▶ Work required: Could you copy every record below exactly, leaving out the pictures?

▶ Records provided:
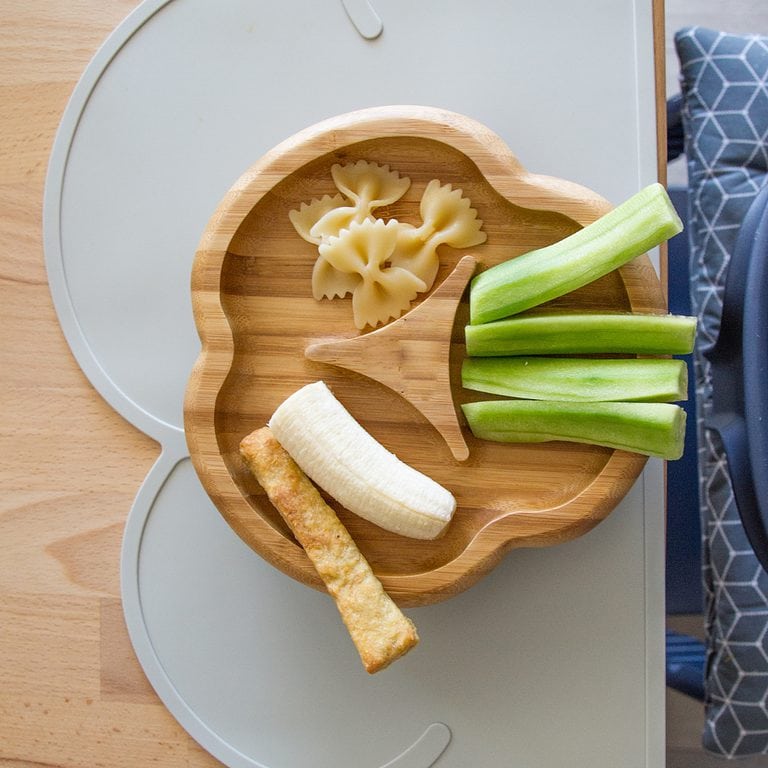 plate of baby led weaning food on a grey mat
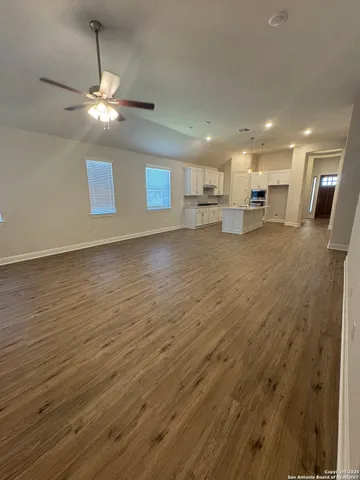 an empty room with wooden floor a ceiling fan and kitchen view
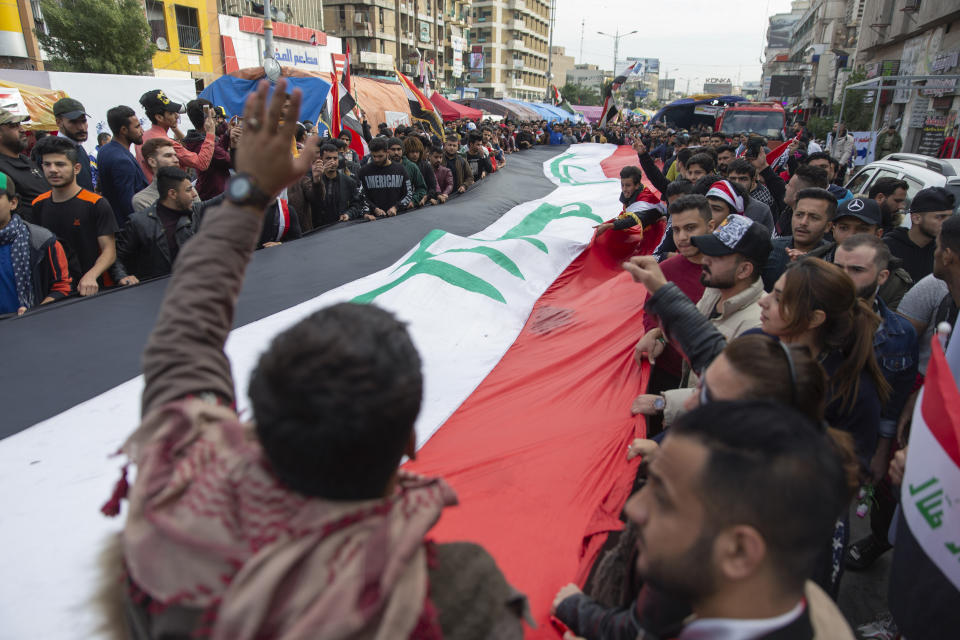 Anti government protesters carry a big Iraqi flag and chant anti Iran and anti U.S. slogans during the ongoing protests in Tahrir square, Baghdad, Iraq, Friday, Jan. 10, 2020. (AP Photo/Nasser Nasser)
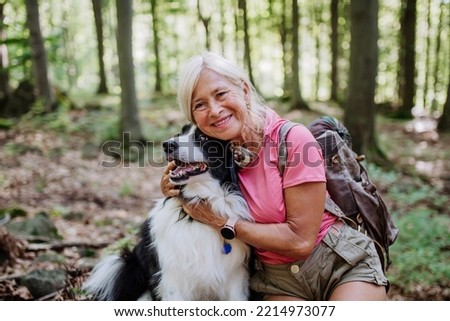 Senior woman resting and stroking her dog during walking in forest. Royalty-Free Stock Photo #2214973077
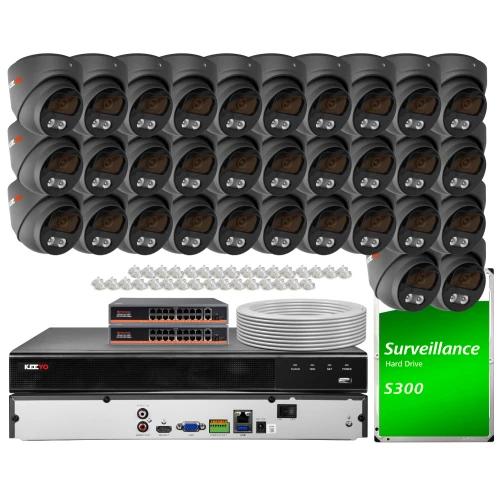 Zestaw do monitoringu składający się z wielu kamer, rejestratora, dysku twardego oraz kabli. Elementy są rozmieszczone na białym tle, ukazując pełny zestaw do instalacji systemu nadzoru.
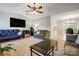 Bright living room with ample seating, large TV, and access to kitchen at 1500 Beth Haven Church Rd, Denver, NC 28037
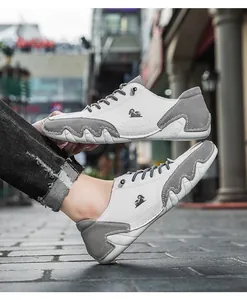 Detailed side view of grey and white color-blocked low-top casual shoes with wavy sole.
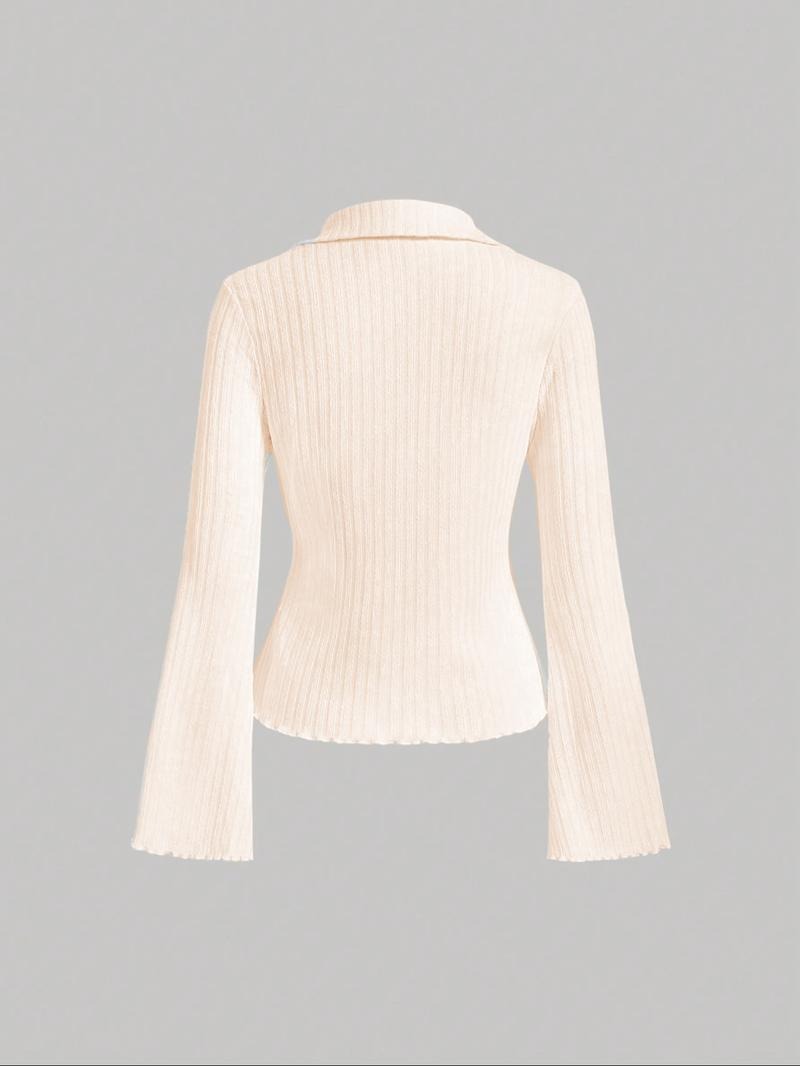 Stylish women's ribbed knit blouse with flattering flared sleeves. Perfect for casual or elegant occasions. Navy blue.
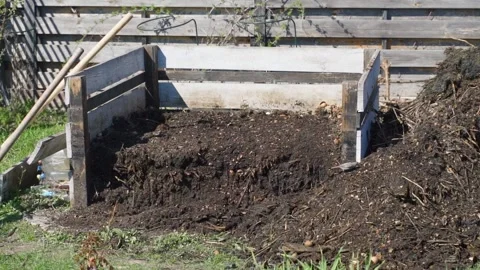 Wooden compost bin with dark decomposed vermicompost in garden Stock Footage 341406839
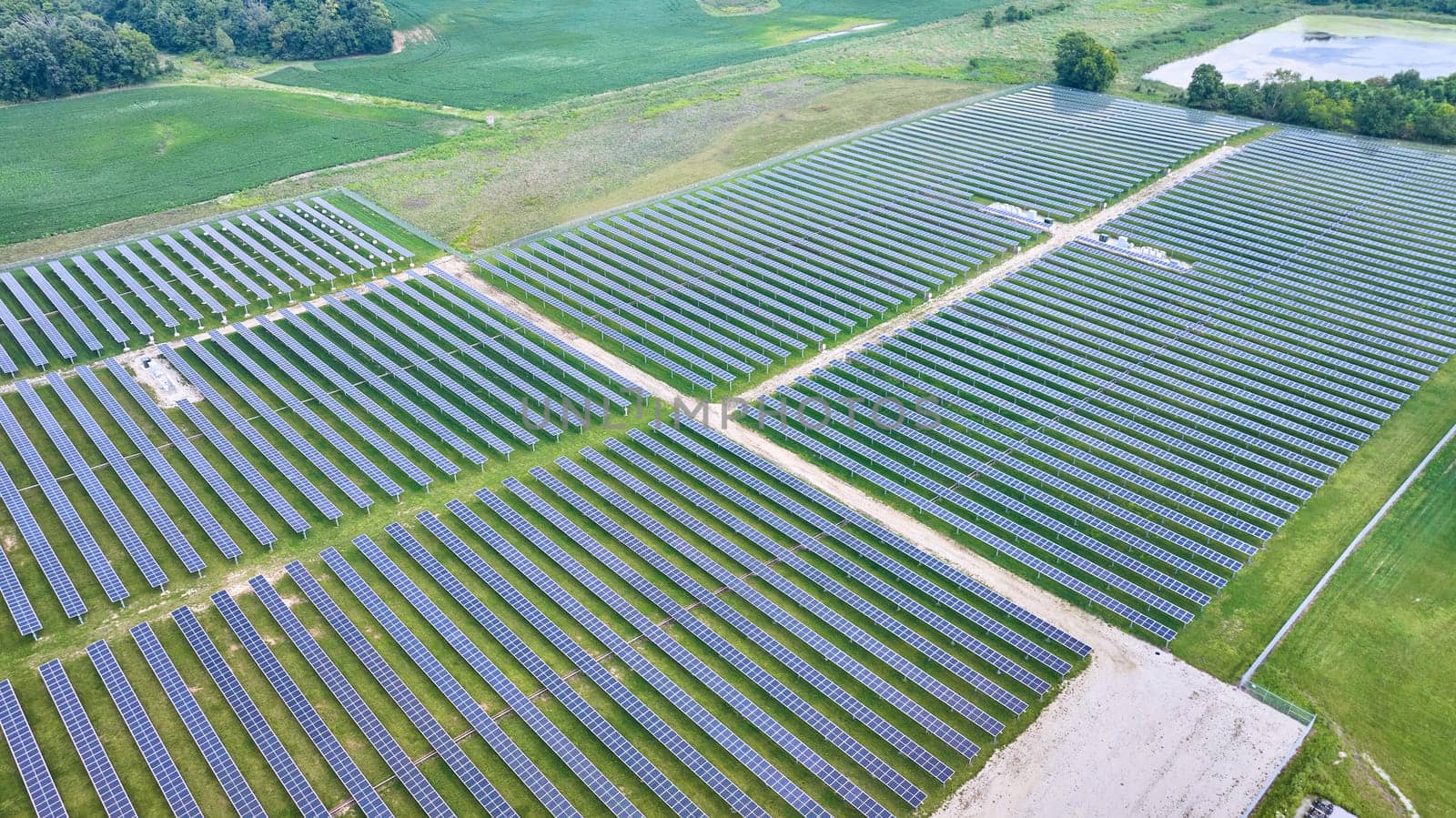 Image of Aerial over solar farm Solar panels facing straight up with swamp and farmland around it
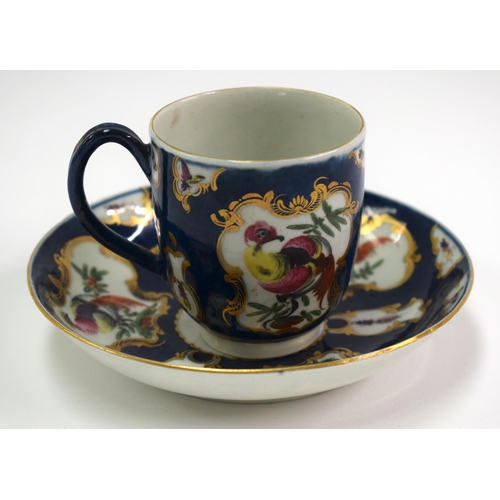 131 - 18th century Worcester cup and saucer painted with fancy birds in gilt rococo frames on a blue scale... 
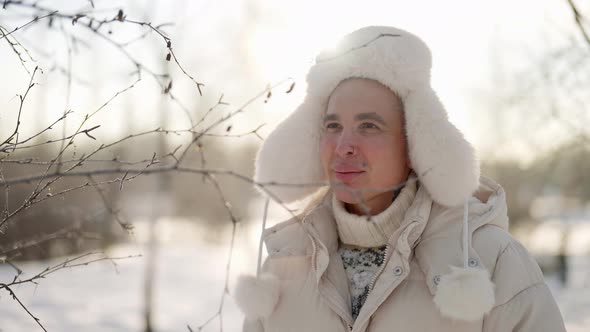 Walk in Nature in January Cold Day Handsome Smiling Man is Exploring Winter Forest in Sunny Weather alt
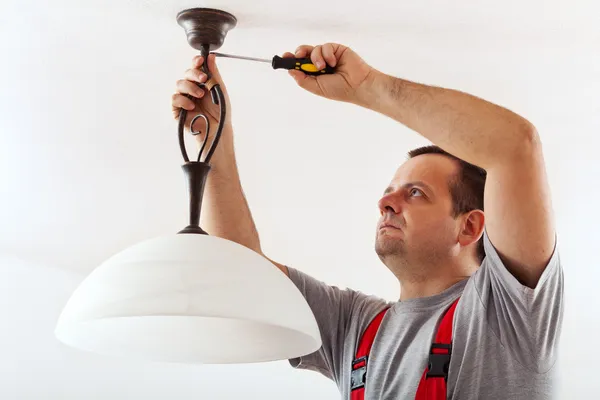 Electricista montaje lámpara de techo —  Fotos de Stock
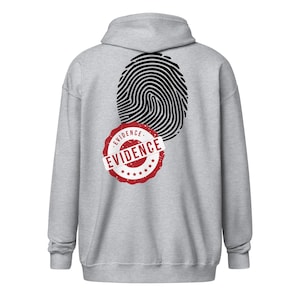 May include: A light gray hooded sweatshirt featuring a black fingerprint graphic on the back. Overlaid on the fingerprint is a red circular stamp design with a white banner containing the word EVIDENCE in black capital letters.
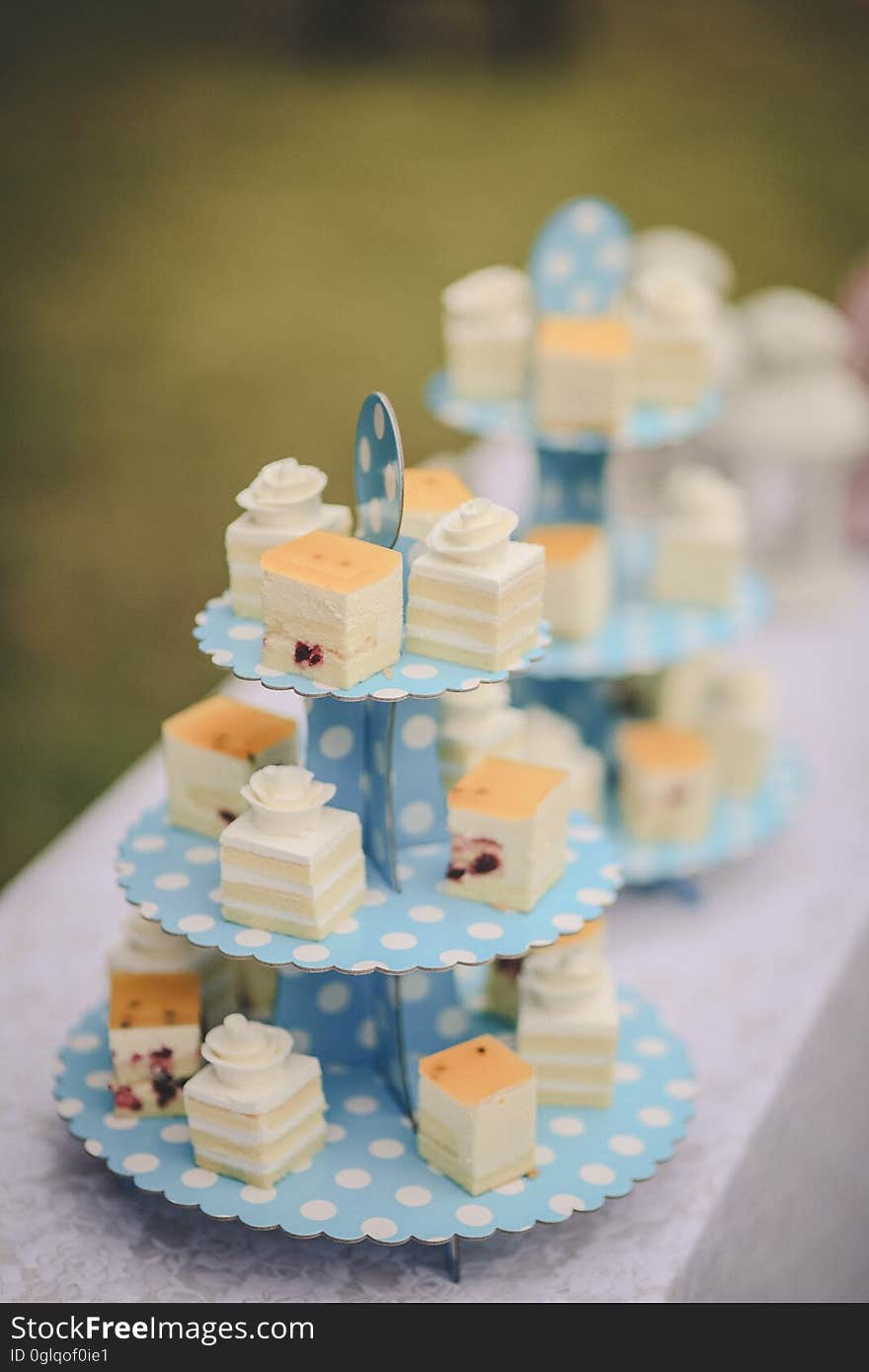 A tray of petit four birthday cake.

▶ Result:
 plate of baby led weaning food on a grey mat
 an empty room with wooden floor a ceiling fan and kitchen view
 Anti government protesters carry a big Iraqi flag and chant anti Iran and anti U.S. slogans during the ongoing protests in Tahrir square, Baghdad, Iraq, Friday, Jan. 10, 2020. (AP Photo/Nasser Nasser)
 Senior woman resting and stroking her dog during walking in forest. Royalty-Free Stock Photo #2214973077
 Zestaw do monitoringu składający się z wielu kamer, rejestratora, dysku twardego oraz kabli. Elementy są rozmieszczone na białym tle, ukazując pełny zestaw do instalacji systemu nadzoru.
 Bright living room with ample seating, large TV, and access to kitchen at 1500 Beth Haven Church Rd, Denver, NC 28037
 Detailed side view of grey and white color-blocked low-top casual shoes with wavy sole.
 Stylish women's ribbed knit blouse with flattering flared sleeves. Perfect for casual or elegant occasions. Navy blue.
 Wooden compost bin with dark decomposed vermicompost in garden Stock Footage 341406839
 Image of Aerial over solar farm Solar panels facing straight up with swamp and farmland around it
 131 - 18th century Worcester cup and saucer painted with fancy birds in gilt rococo frames on a blue scale... 
 Walk in Nature in January Cold Day Handsome Smiling Man is Exploring Winter Forest in Sunny Weather alt
 Electricista montaje lámpara de techo —  Fotos de Stock
 May include: A light gray hooded sweatshirt featuring a black fingerprint graphic on the back. Overlaid on the fingerprint is a red circular stamp design with a white banner containing the word EVIDENCE in black capital letters.
 A tray of petit four birthday cake.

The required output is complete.